RECORDS FOR THE TASK
'''

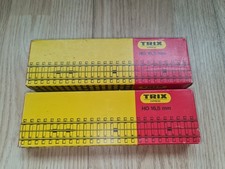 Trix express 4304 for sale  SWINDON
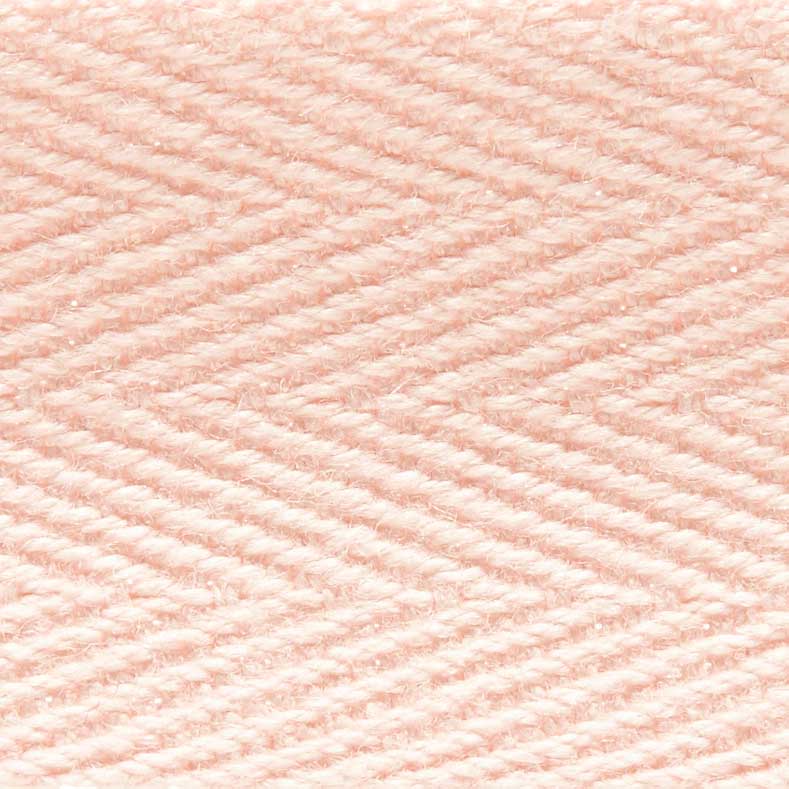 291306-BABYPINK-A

'''
'''

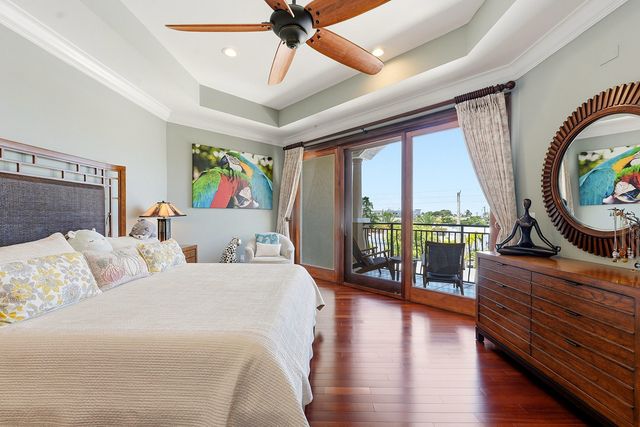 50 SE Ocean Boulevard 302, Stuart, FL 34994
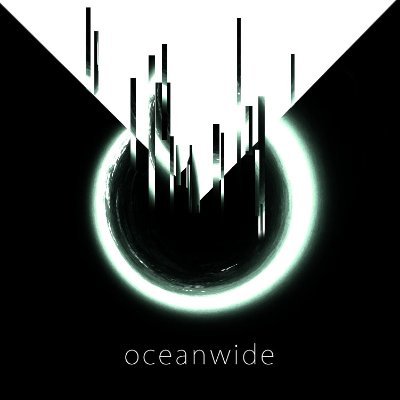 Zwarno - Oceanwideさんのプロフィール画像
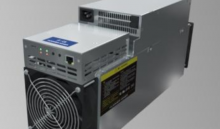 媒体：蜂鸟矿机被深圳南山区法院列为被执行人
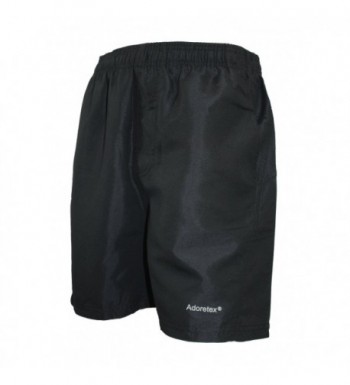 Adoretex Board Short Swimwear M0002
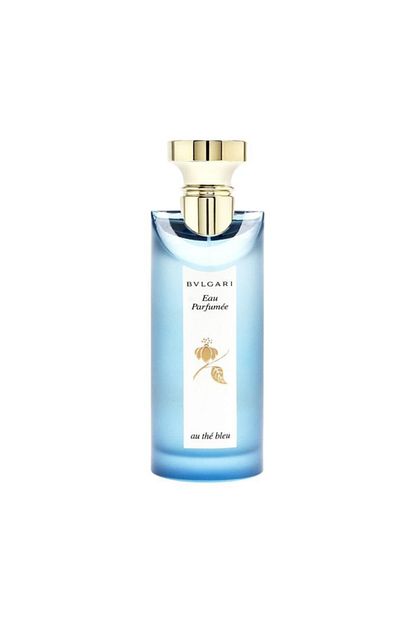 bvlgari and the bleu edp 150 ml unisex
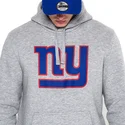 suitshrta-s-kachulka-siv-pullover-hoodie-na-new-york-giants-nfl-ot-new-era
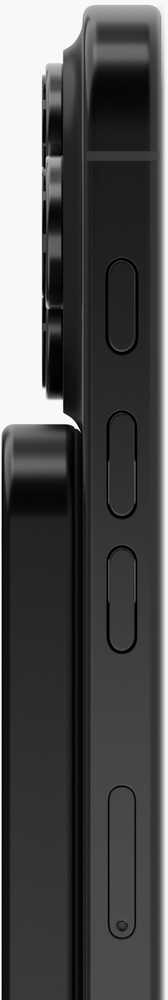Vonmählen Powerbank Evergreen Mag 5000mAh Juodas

'''
'''

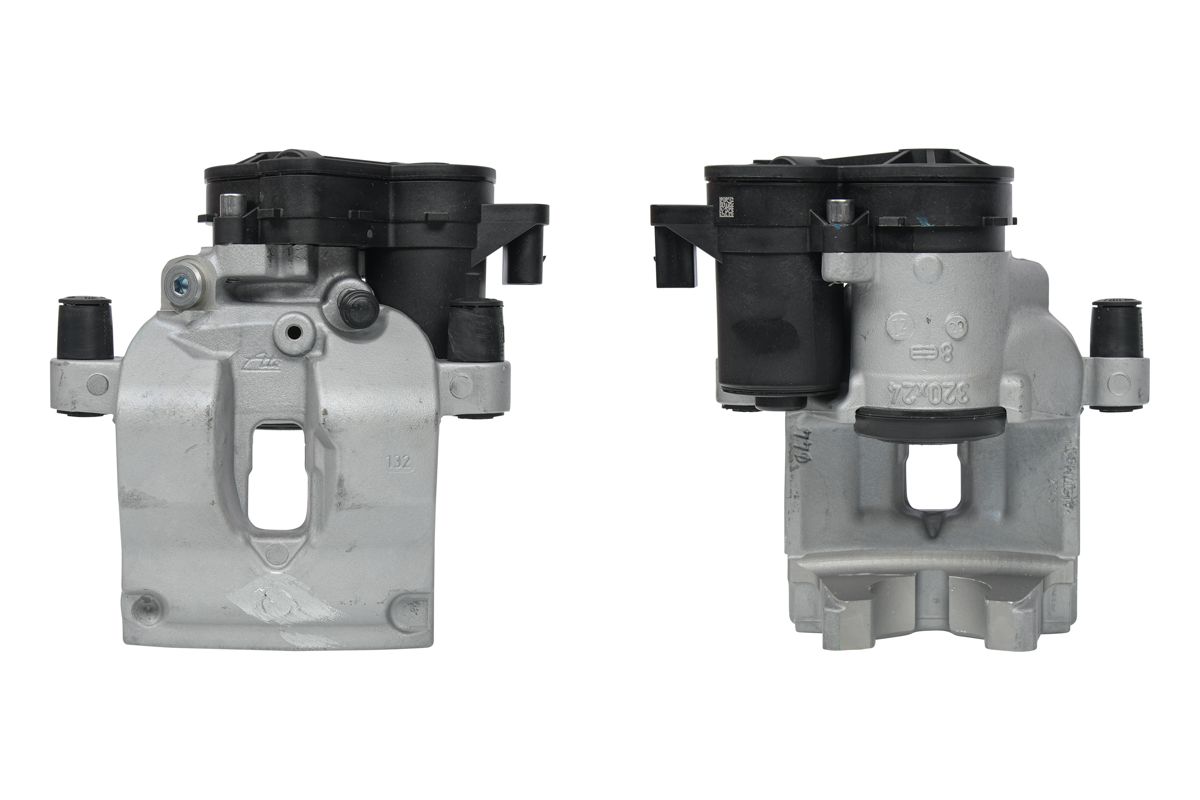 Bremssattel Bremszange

'''

WHAT TO PRODUCE
What is needed is an exact copy of the lines above from the one with "媒体：蜂鸟矿机被深圳南山区法院列为被执行人" to the one with "Vonmählen Powerbank Evergreen", both ends kept, and nothing more; please leave the pictures out.

RESULT OF THE EXERCISE
 媒体：蜂鸟矿机被深圳南山区法院列为被执行人
 Adoretex Board Short Swimwear M0002
 bvlgari and the bleu edp 150 ml unisex
 suitshrta-s-kachulka-siv-pullover-hoodie-na-new-york-giants-nfl-ot-new-era
Vonmählen Powerbank Evergreen Mag 5000mAh Juodas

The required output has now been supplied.